Answer :
To determine the time it will take for the water to rise by 2 meters in the tank, we first need to calculate the volume of water required and the rate at which water is flowing into the tank.
Calculate the Volume of Water Needed:
The dimensions of the tank are 200 meters by 150 meters, and the water needs to rise by 2 meters.
[tex]\text{Volume required} = 200 \times 150 \times 2 = 60,000 \text{ m}^3[/tex]
Calculate the Flow Rate of the Pipe:
The dimensions of the rectangular pipe are 1.5 meters by 1.25 meters, and water flows through it at a speed of 20 kilometers per hour.

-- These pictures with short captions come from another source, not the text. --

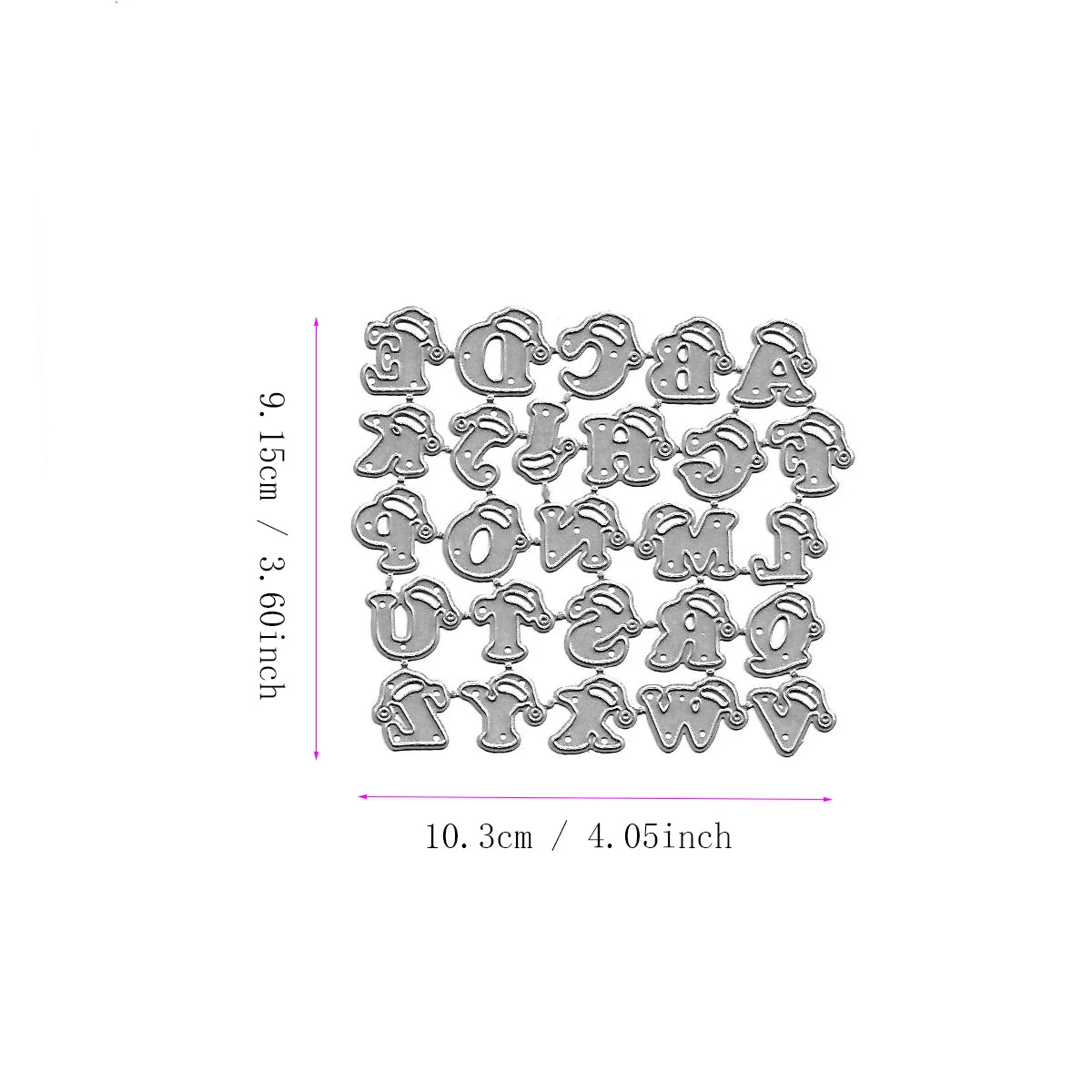 Metalen snijmal - Creatieve letters en cijfers voor scrapbooking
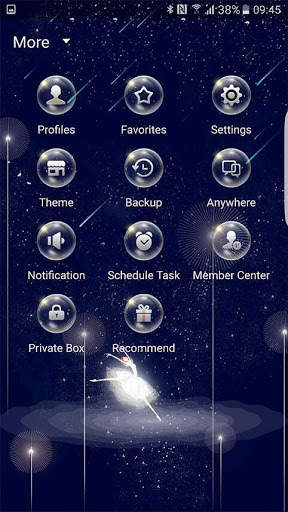 White Dream skin (Next SMS) screenshot 3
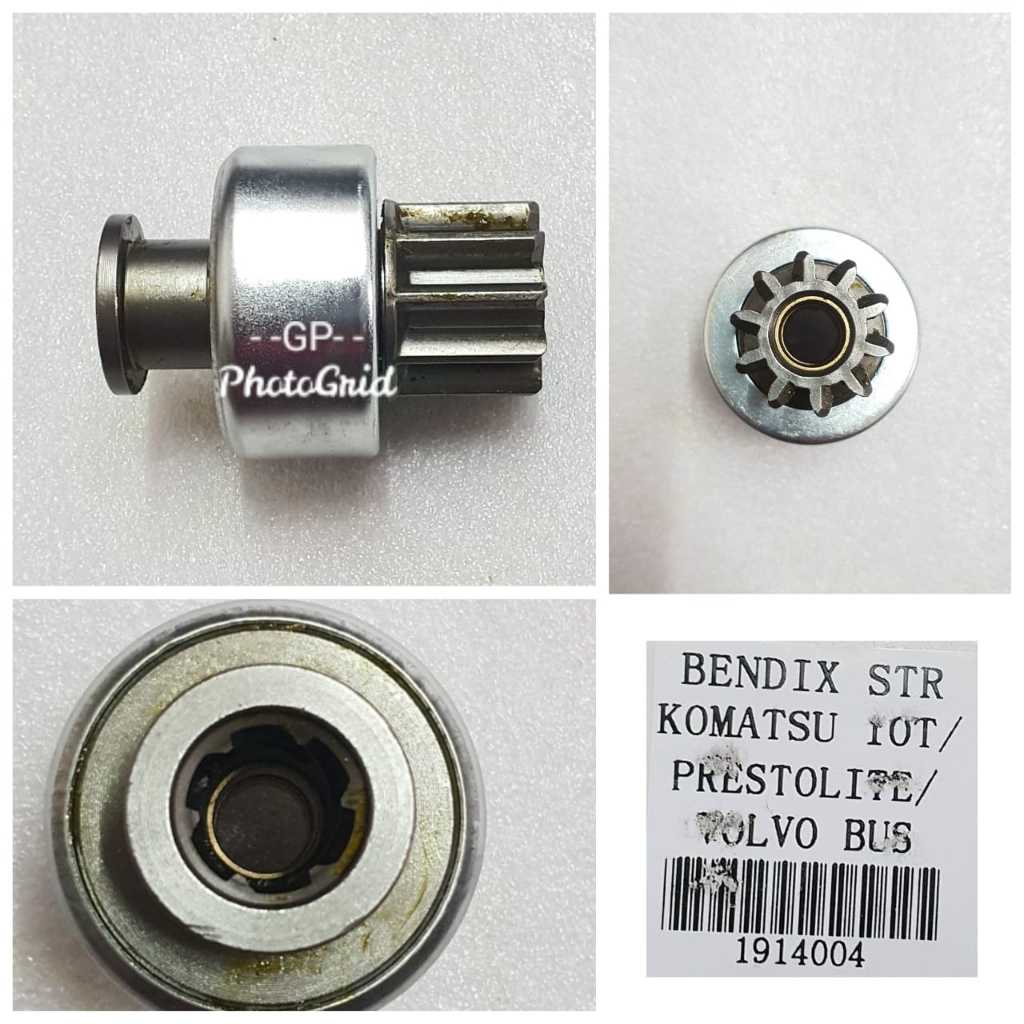 Jual Bendix Starter GP Komatsu 10T / Prestolite / Volvo Bus | Shopee ...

First, we convert the speed of water from kilometers per hour to meters per hour:
[tex]20 \text{ km/h} = 20,000 \text{ m/h}[/tex]
The cross-sectional area of the pipe is calculated as:
[tex]\text{Area of the pipe} = 1.5 \times 1.25 = 1.875 \text{ m}^2[/tex]

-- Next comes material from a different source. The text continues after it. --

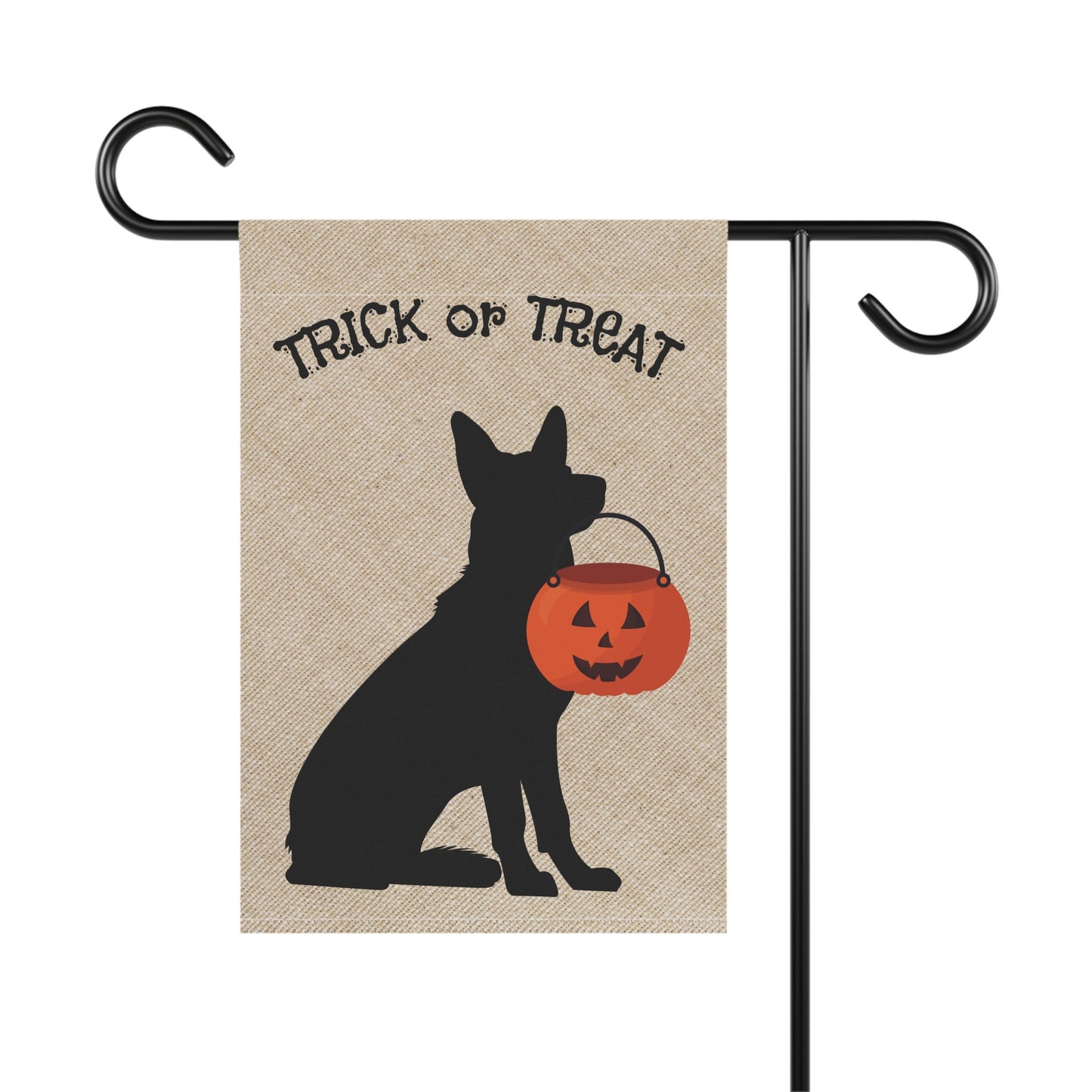 German Shepherd Dog Fall - Halloween Lawn & Garden House Flag, Double-sided Banner, Stand Not Included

The volume of water flowing through the pipe in one hour is:
[tex]\text{Flow rate} = 1.875 \times 20,000 = 37,500 \text{ m}^3/\text{hour}[/tex]
Calculate the Time Required:
Now, we find the time required to fill the tank to achieve the required volume:
[tex]\text{Time (in hours)} = \frac{\text{Volume required}}{\text{Flow rate}} = \frac{60,000}{37,500} = 1.6 \text{ hours}[/tex]
To convert hours into minutes, multiply by 60:
[tex]1.6 \times 60 = 96 \text{ minutes}[/tex]
So, it will take 96 minutes for the water to rise by 2 meters in the tank.